Ecosyste.ms: Awesome

An open API service indexing awesome lists of open source software.

Awesome Lists | Featured Topics | Projects

https://github.com/timescale/pgai

Artificial Intelligence for Postgres
https://github.com/timescale/pgai

ai llm postgresql rag

Last synced: about 1 month ago
JSON representation

Artificial Intelligence for Postgres

Awesome Lists containing this project

README

        


# pgai

pgai brings AI workflows to your PostgreSQL database

[![Discord](https://img.shields.io/badge/Join_us_on_Discord-black?style=for-the-badge&logo=discord&logoColor=white)](https://discord.gg/KRdHVXAmkp)
[![Try Timescale for free](https://img.shields.io/badge/Try_Timescale_for_free-black?style=for-the-badge&logo=timescale&logoColor=white)](https://tsdb.co/gh-pgai-signup)
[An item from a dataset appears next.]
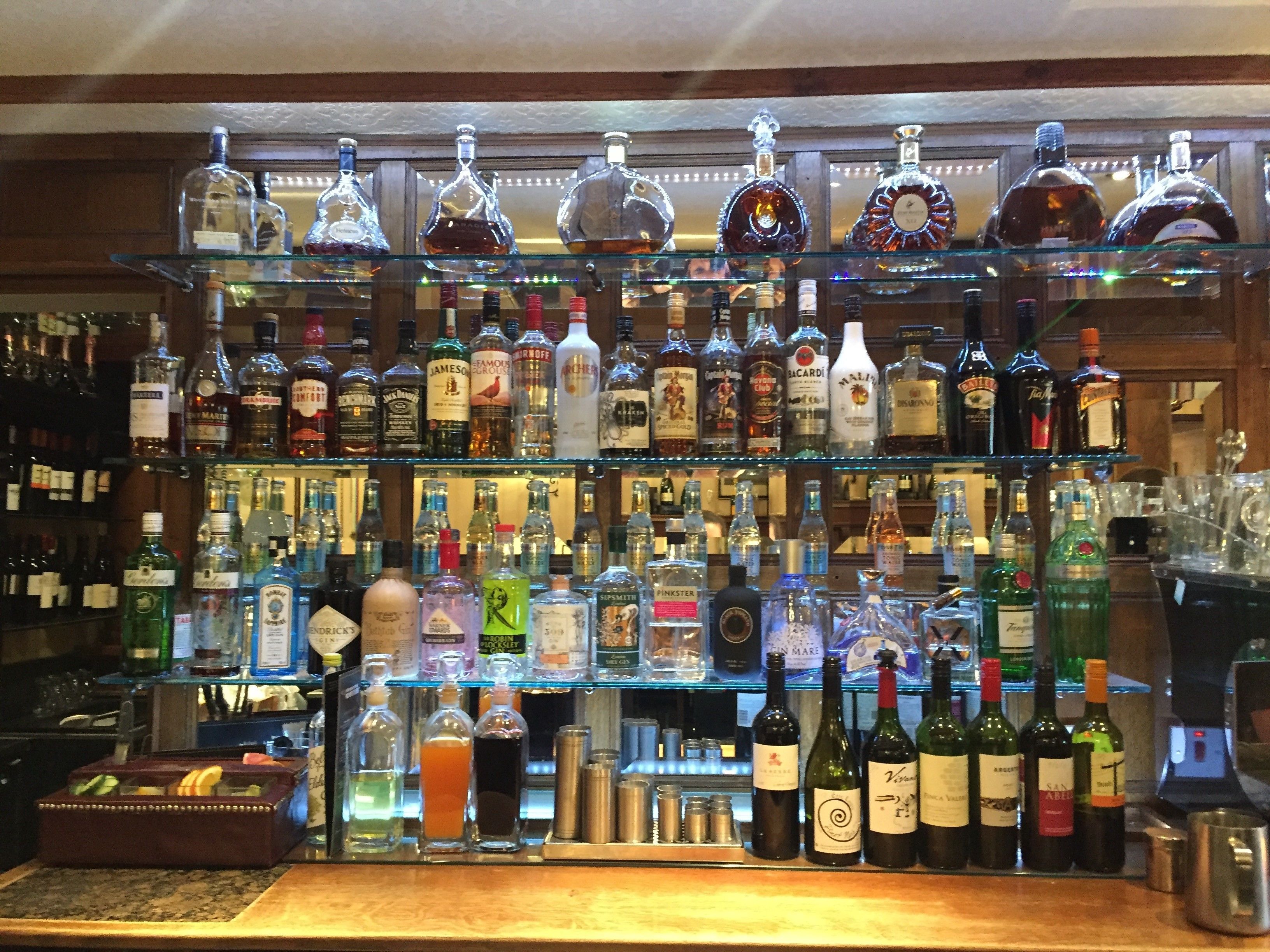 Eine Bar mit mehreren Regalen, gefüllt mit verschiedenen Spirituosenflaschen.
pgai simplifies the process of building [search](https://en.wikipedia.org/wiki/Similarity_search), and
[Retrieval Augmented Generation](https://en.wikipedia.org/wiki/Prompt_engineering#Retrieval-augmented_generation) (RAG) AI applications with PostgreSQL.

pgai brings embedding and generation AI models closer to the database. With pgai, you can now do the following directly from within PostgreSQL in a SQL query:

* Create vector [embeddings](#embed) for your data.
* Retrieve LLM [chat completions](#chat-complete) from models like Claude Sonnet 3.5, OpenAI GPT4o, Cohere Command, and Llama 3 (via Ollama).
* Reason over your data and facilitate use cases like [classification, summarization, and data enrichment](docs/advanced.md) on your existing relational data in PostgreSQL.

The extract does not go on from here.